Les efforts de médiation "partis en fumée". Ali Abdallah Saleh a de son côté accusé les Houthis d'avoir "déclenché la guerre" à Sanaa dans un communiqué diffusé par son parti Congrès populaire général (CPG), en référence aux combats à Sanaa dont faisaient encore état samedi matin les deux camps. "Le CPG et ses alliés tient Ansarullah pleinement responsables pour avoir déclenché la guerre", selon le communiqué, en utilisant un autre nom pour désigner les rebelles Houthis. "Nous regrettons que les efforts de médiation (…) visant à protéger notre nation et son peuple (…) soient partis en fumée", a-t-il indiqué, en référence à l'échec de médiations vendredi. Les deux camps sont pourtant officiellement alliés depuis qu'ils se sont emparés de Sanaa en septembre 2014, poussant le gouvernement reconnu par le communauté internationale à prendre la fuite. Ils dirigent un gouvernement parallèle dans la capitale, mais ils sont en profond désaccord depuis plusieurs mois sur le partage du pouvoir à Sanaa. 
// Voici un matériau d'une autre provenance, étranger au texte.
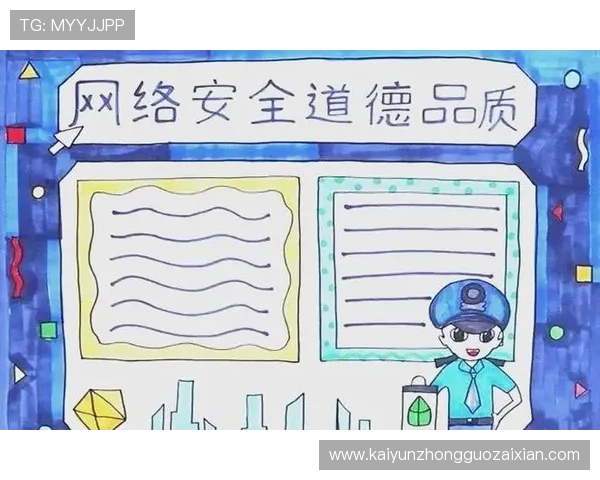 开云在线登入中心全面指南帮助玩家快速安全登录体验提升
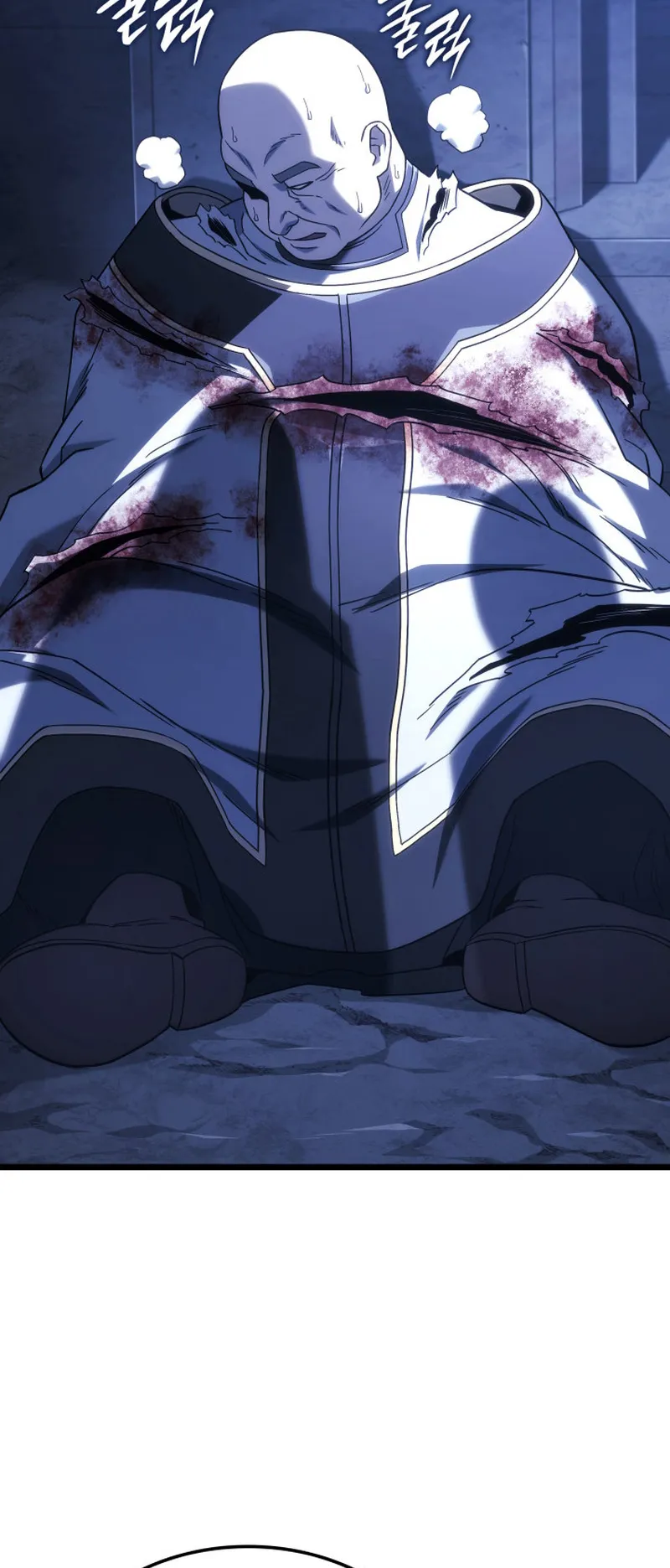 Revenge of the Iron-Blooded Sword Hound ตอนที่ 131 หน้า 59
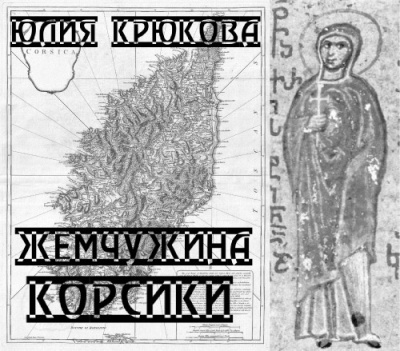 Крюкова Юлия - Жемчужина Корсики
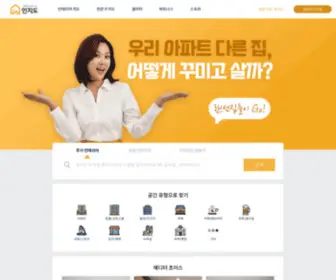 Inzido.com(인테리어) Screenshot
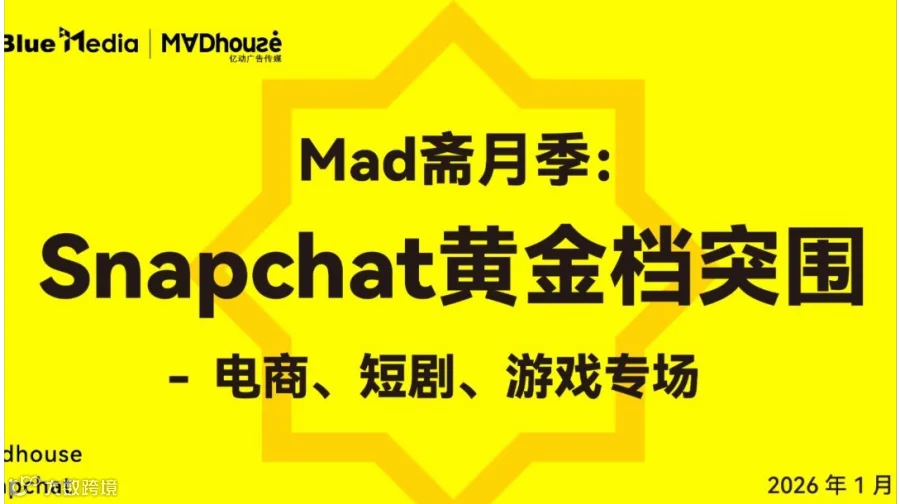 Mad斋月季：Snapchat黄金档突围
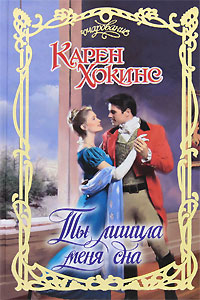 Ты лишила меня сна - Карен Хокинс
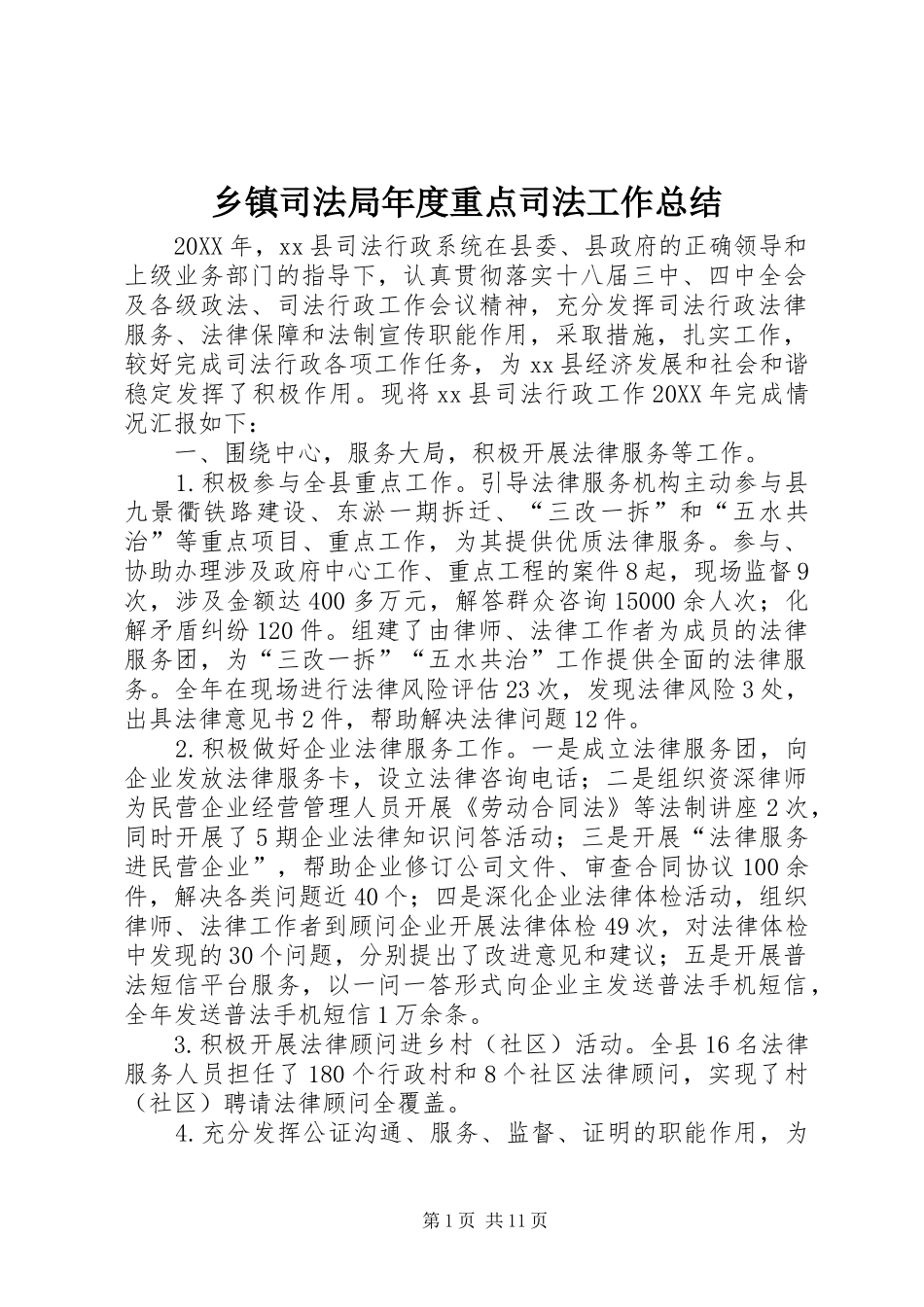 2024年乡镇司法局年度重点司法工作总结_第1页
Des dizaines de milliers de victimes. Les Houthis sont soutenus par l'Iran qui nie cependant leur fournir le moindre appui militaire. Ali Abdallah Saleh, à la tête du Yémen pendant plus de 30 ans, a dû quitter le pouvoir en 2012 à la suite d'importantes manifestations. Le conflit au Yémen a fait plus de 8.750 morts et 50.600 blessés, dont de nombreux civils, depuis mars 2015. Sept millions de personnes ont besoin d'une aide alimentaire d'urgence.

L'ONU appelle à la levée "urgente" et "complète" du blocus

Les responsables de plusieurs agences de l'ONU, dont l'OMS, le HCR et l'Unicef, ont appelé samedi la coalition conduite par l'Arabie Saoudite à lever "d'urgence" et "complètement" le blocus imposé au Yémen", selon un communiqué. "Ensemble, nous appelons la coalition à ouvrir d'urgence et complètement l'accès à tous les ports yéménites de la mer Rouge et à faciliter l'entrée et la libre circulation des biens commerciaux et humanitaires vitaux", écrivent les responsables onusiens.

La levée partielle du blocus a certes permis de "fournir une aide vitale aux personnes dans une situation désespérée" mais "étant donné l'ampleur de la crise humanitaire (...) cela ne fait que ralentir la course vers une tragédie humanitaire menaçant les vies de millions de personnes, cela ne l'empêche pas", soulignent-ils. "Le Yémen reste sous la menace d'une des plus grandes famines de l'ère contemporaine", relèvent-ils, ajoutant que "plus de huit millions de personnes pourraient mourir de faim sans une aide alimentaire d'urgence".